Count them and commend them: the Dingoes on Saturday captured their fourth Southern league Division 1 flag in five years, defeating Cheltenham by 12 points and prompting Morwood to declare Dingley could now be considered a “great club’’.
Two weeks earlier Chelt had thrashed the Dingoes by 63 points, putting the Rosellas in contention to win their first division one premiership since 1934.
At a windy Moorabbin ground, Dingley took the prospect of a Cheltenham fairytale and turned it into an unforgettable adventure of its own.
The Dingoes led at every change, though by narrow margins, and they held on in the final quarter with desperate defence, failing to score themselves but restricting Chelt to two points.
With tall targets Will McTaggart, Sean McLaren and Finn Ryan, the Rosellas have a potent attack, as they showed in the second semi.
But in the last term they went forward more with hope than method or conviction. The Dingoes asked big Danny Ades to go back and help the backline, and he did it well, getting in spoils when he couldn’t mark.
The gusty wind was no friend to Chelt’s forward line either.
As Morwood saw it, the final quarter was “full of pressure, stoppages’’.
And so at 4.48pm the exultant players, officials and supporters who had made a pack on the ground sang the club song: “We are the Dingley boys…’’

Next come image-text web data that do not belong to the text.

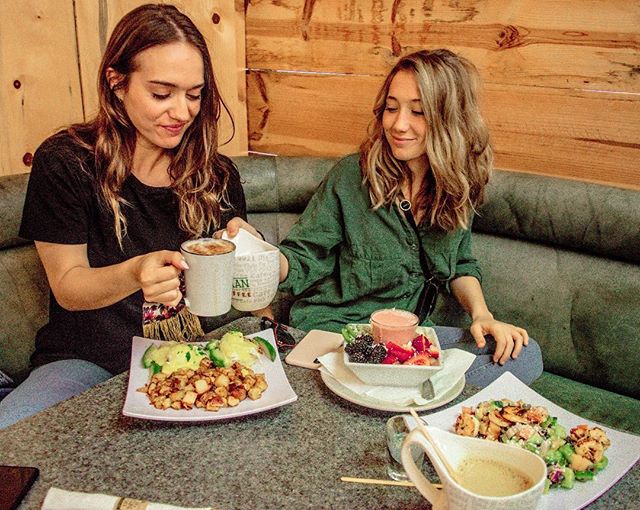 Coffee + brunch with your bestie. Any better on a Saturday? Hard to believe 😜
📷 : elenadejuan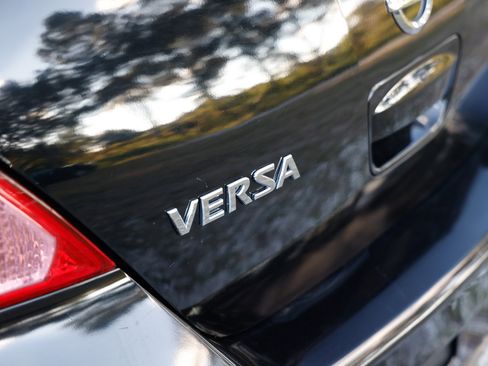 Used 2009 Nissan Versa S w/ Convenience Pkg image 25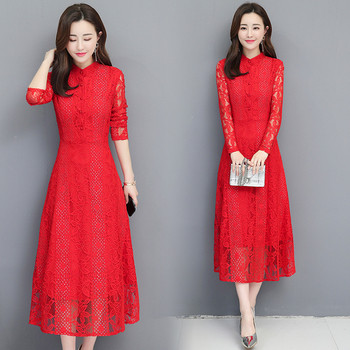 Modern női csipkeruha, hosszú ujjal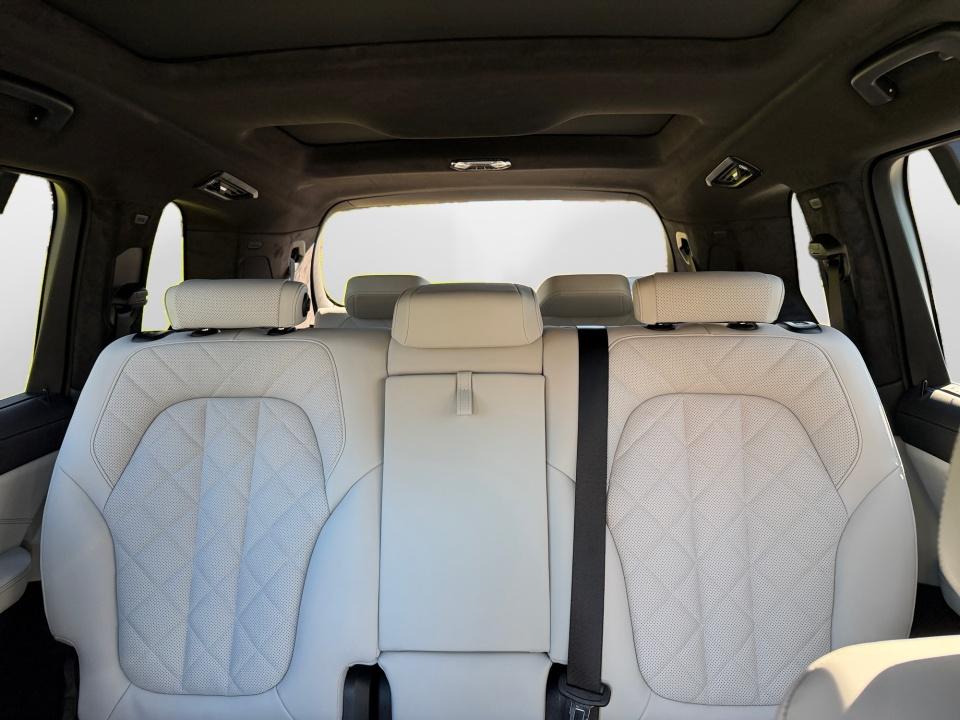 2027 BMW X7 xDrive40i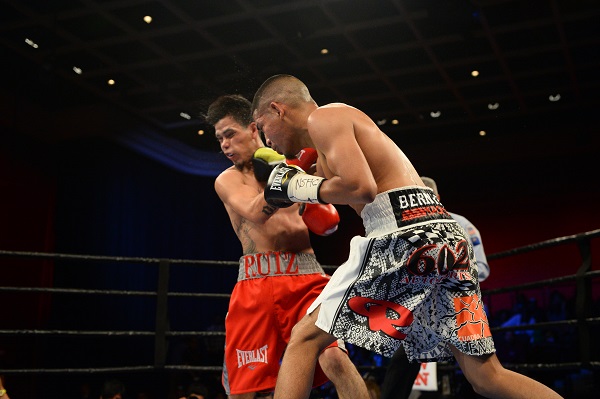 Santiago vs Ruiz_Fight_Al Powers _ Premier Boxing Champions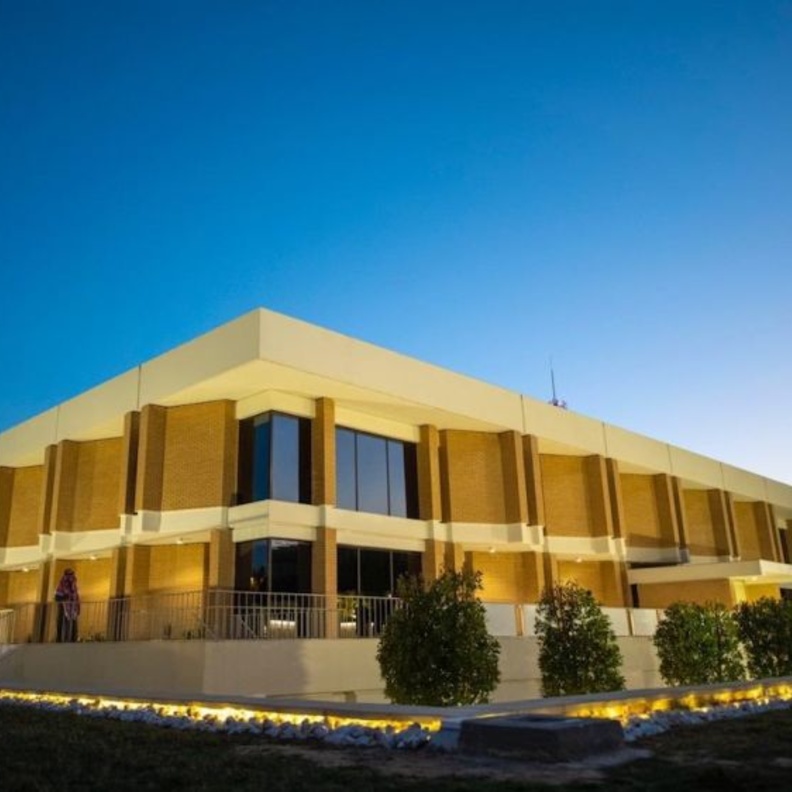 صالة الأمير فيصل بن فهد للفنون التشكيلية في الرياض .. منصة رائدة في المشهد الفني السعودي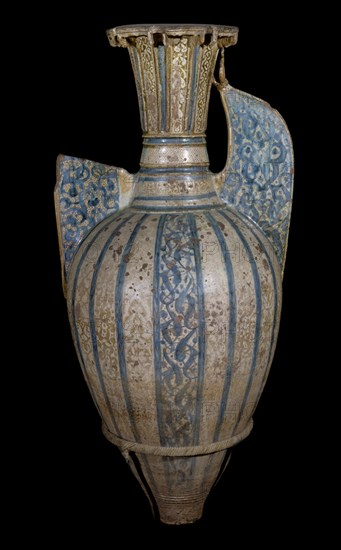VASO DE HORNOS(JAEN)-S XV-CERAMICA NAZARI-LLAMADO JARRON DE LA ALHAMBRA
MADRID, MUSEO ARQUEOLOGICO NACIONAL
MADRID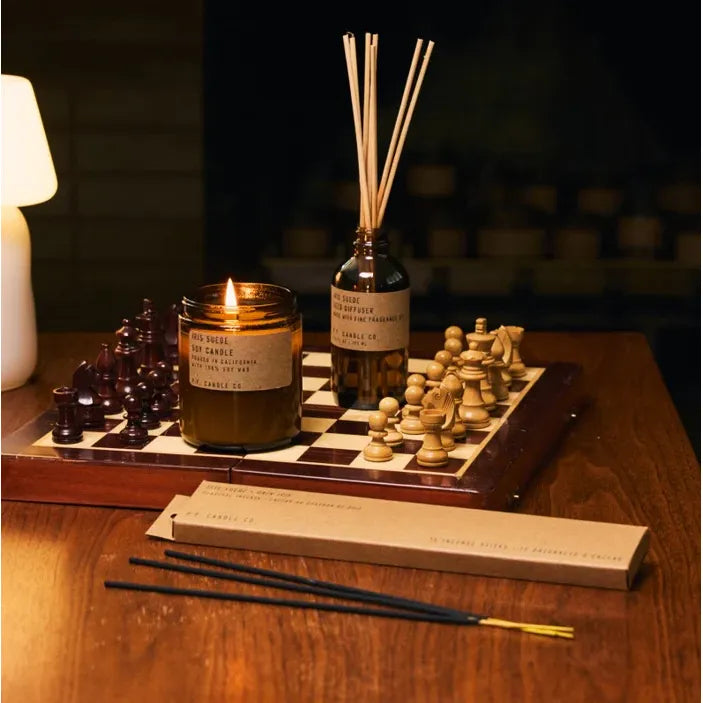 Iris Suede – Standard Candle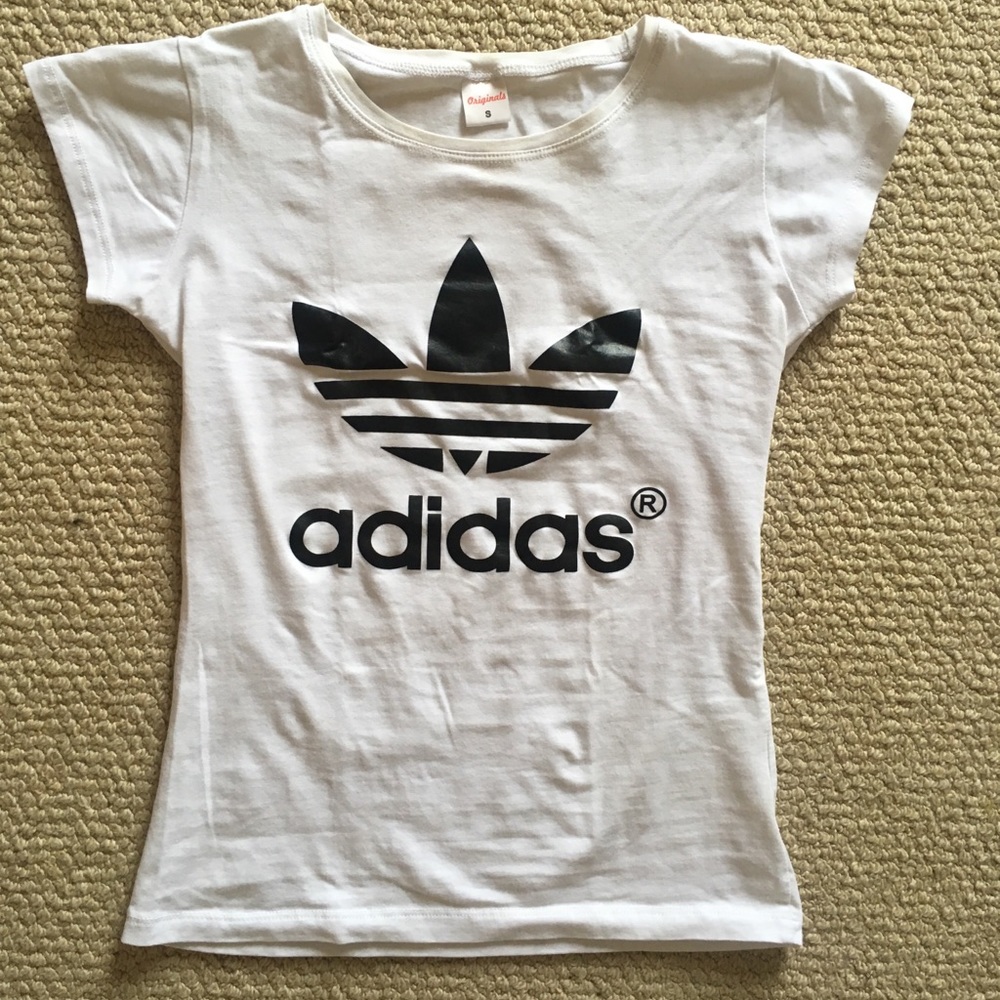 White and black Adidas t shirt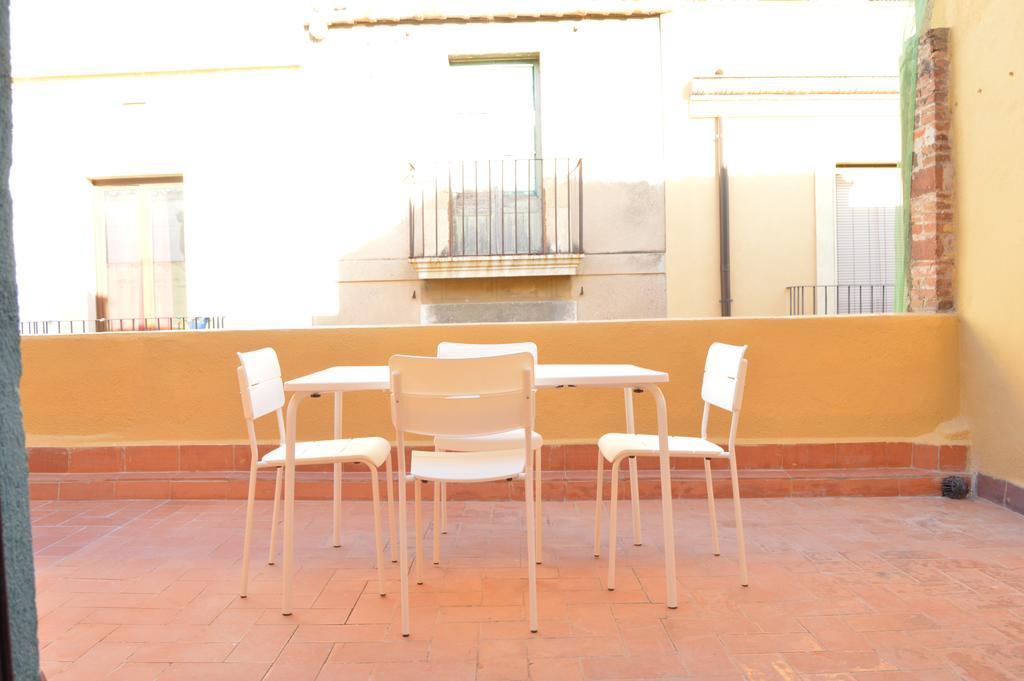 Tarragona Suites Mediona Bagian luar foto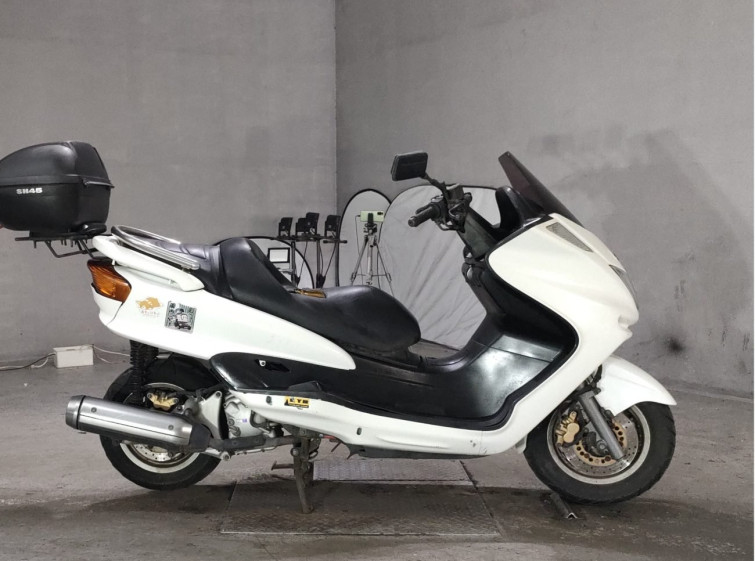 Мотоцикл Yamaha MAJESTY 250 с пробегом 33050 km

Soon after as they made their way to the presentation Collingwood premiership player Morwood met congratulations with the words: “Now we’re a great club’’.
“Back in February at our training camp in Rosebud, I said I wanted us to be known as a great club,’’ he said later.
“Other clubs within this league are probably envious, jealous, probably even hate us in some parts, for what we’ve achieved for a long time. I wanted to escalate that to another level. For us to be known as a great club, we had to go all the way this year. A lot of hard work, a lot of dedication was obviously involved in that. I hope now this football and netball club is known as a great club. I think it’s taken us to another level now.’’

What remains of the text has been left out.